At one point a 20 year old young man, who could neither read nor write was interviewed. He had been smoking marijuana since he was 12 years old; he had been physically abused at home for years and he drank great quantities of alcohol each week. His behaviour was something that had to be seen to be believed. He showed evidence of amphetamine abuse, which could explain his extreme difficulties in concentrating for any length of time.
In another interview a 15 year old youth who had long matted hair, was waving his drug banner, proud of his drinking problem and also was only minimally more literate than the previous person. He admitted to hating his parents and wasn't really sure where they were at that time. When asked what he wanted to be when he grew up he said a drummer in a rock band and play thrash metal, just like his favourite band which was a death metal band known for its plug for violence and its raw aggression.

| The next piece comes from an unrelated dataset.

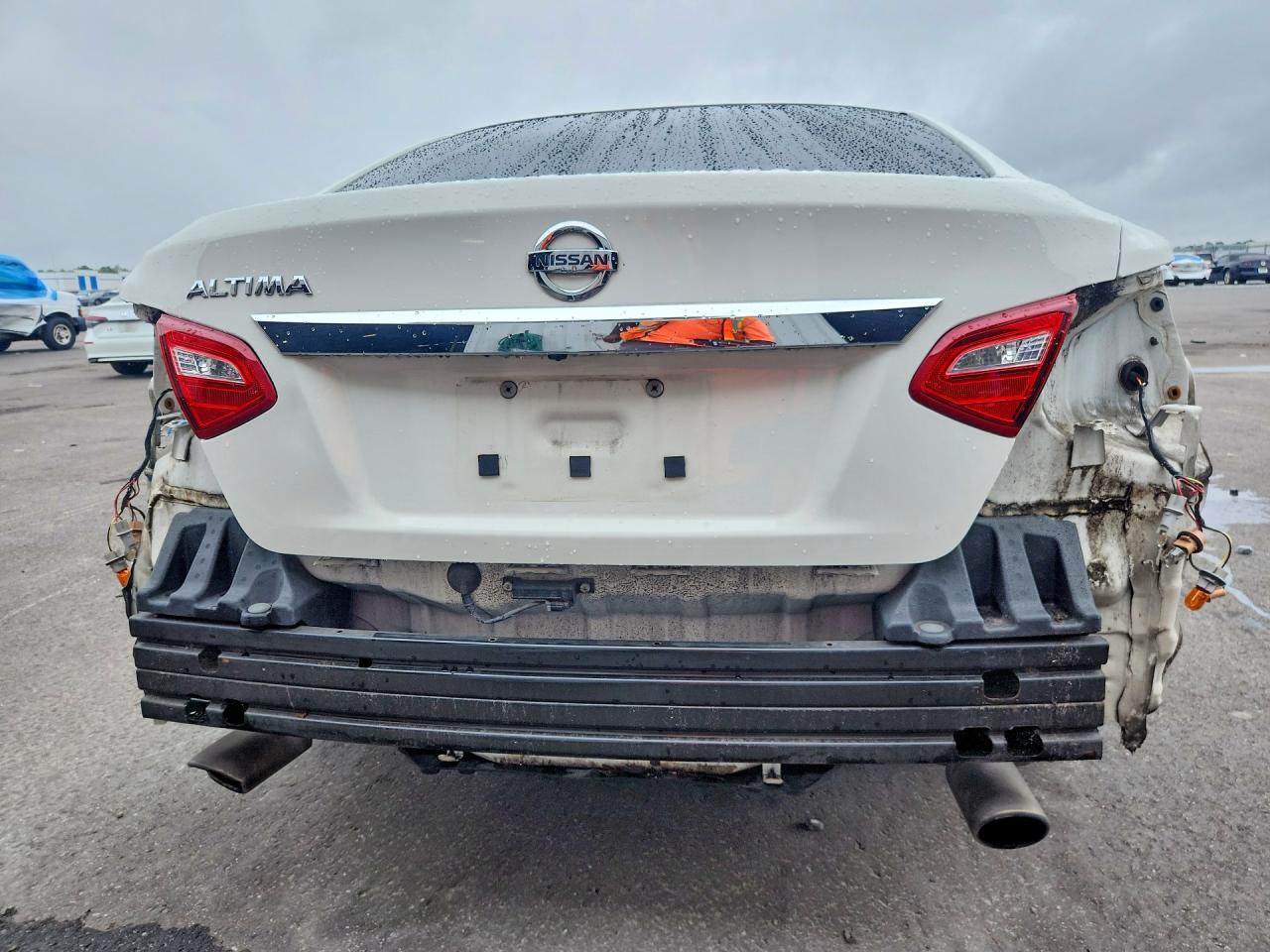 Nissan Altima 2.5 S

While being interviewed he scrawled a symbol on a piece of paper. It was three upside down crosses and he wrote 666 above them. He then proceeded to pick a cut on his forehead, caused blood to appear, then pressed his thumb to his wound and then put his thumb print in blood over this seal. When asked why he felt he had to do this he just said, "I don't know. Satan's cool." Also among these young people were daughters of prostitutes with their own extreme problems and stories to tell, and many other young people heading toward the courts, jail, the streets and, for some, premature death.
Faced with all this the writer was forced to sit down and ask "Why?" Why is this happening to our youth? Why is it being allowed to happen? In comparison one could look back to the 1890s when our young country boys, who were breaking their backs pioneering our hard and brutal country, could still, at an instant’s notice, pack their bags, catch their horses and trek to the Boer War. In 1915, when our country said, "Son, there's no time for roving ... there's work to be done" they went in their scores. They called it war fever.
These men, who were working for their families, in order to create a future for our communities, would die without question so that our people were safe. They worked themselves to death so that we could survive. Their sons, likewise, would carry themselves to war, following a long rebuilding struggle, to fight again. A man does not go off to war because he feels it could be fun. He does it to serve his country, his people and his family.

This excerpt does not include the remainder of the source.